2. The inventory in twisting units and fabric manufacturing plants has apparently accumulated but was still controllable compared with historic high. Contradiction on downstream market is still accumulating, and price transfer has been very hard. Price of PFY moved up, but that of DTY and grey fabric was hard to chase up. Many twisting units and fabric manufacturing plants have suffered losses for a period based on spot feedstock cost.
Most end-users did not see sound orders after the Lunar New Year holiday, and sales became slow since Mar, which resulted into mounting stocks of grey fabric. Entering Apr, the accumulation speed accelerated after the earlier orders production completed. By now, stocks of grey fabric have surpassed the average level in 2018 amid continuously slack sales.
Relatively, water-jet fabric customers showed more robust mindset, but the inventory was also mounting, and the run rate still had support. However, the stocks accumulation speed of warp knitting and circular knitting machines was faster amid high production, which occupied many capital. The operating rate of warp knitting machines in Changshu and Haining and the circular knitting machines in Xiaoshan and Shaoxing has declined obviously.
3. The feedstock prepared of downstream market was mainly around half a month, and downstream plants managed to see profit based on feedstock purchased earlier, but the cost advantage weakened apparently based on current feedstock price after earlier stocks successively used up. The profit is expected to reduce further if such situation maintains.
4. Export orders which were placed in end-2018 or early-2019 were successively delivered, and domestic orders have not improved (normally starting improving in Jul-Aug); thus, May-Jun is supposed to be a slack season, and downstream sectors may face bigger pressure, to hoard up stocks or scale down run rate. Therefore, some downstream plants are anticipated to suspend production for a short period during the coming May Day holiday to ease pressure. Stocks of grey fabric are likely to accumulate and the run rate of downstream sectors may reduce in May-Jun, but the production suspension in a large scale like Sep-Oct, 2018 may not appear if feedstock market is not greatly volatile.

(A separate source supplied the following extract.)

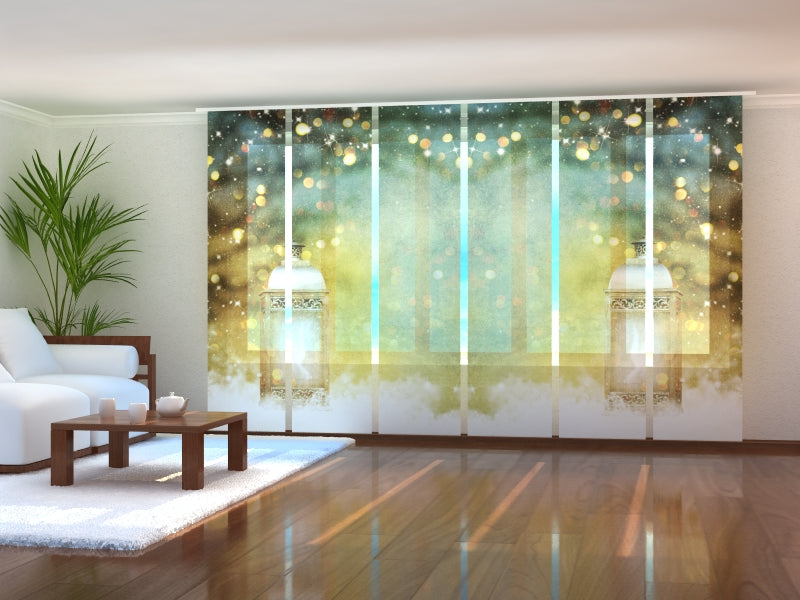 Set of 6 Panel Curtains Christmas Lantern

5. Stocks of PFY were slanting low now, but the feedstock inventory and finished goods stocks of twisting units and fabric manufacturing plants have apparently climbed up. Thus, the inventory of PFY is only transferred to downstream players’ hand. Demand growth rate of end-user market is not as firm as polyester production growth rate (growth rate of polyester output in Q1 was at 9.7%). Current stocks of downstream market was controllable, and contradiction does not outbreak temporarily.
In summary, PFY plants may keep witnessing stable profit in short run with not apparent inventory burden, but the demand may be pressed in medium run as downstream market is expected to remain modest temporarily.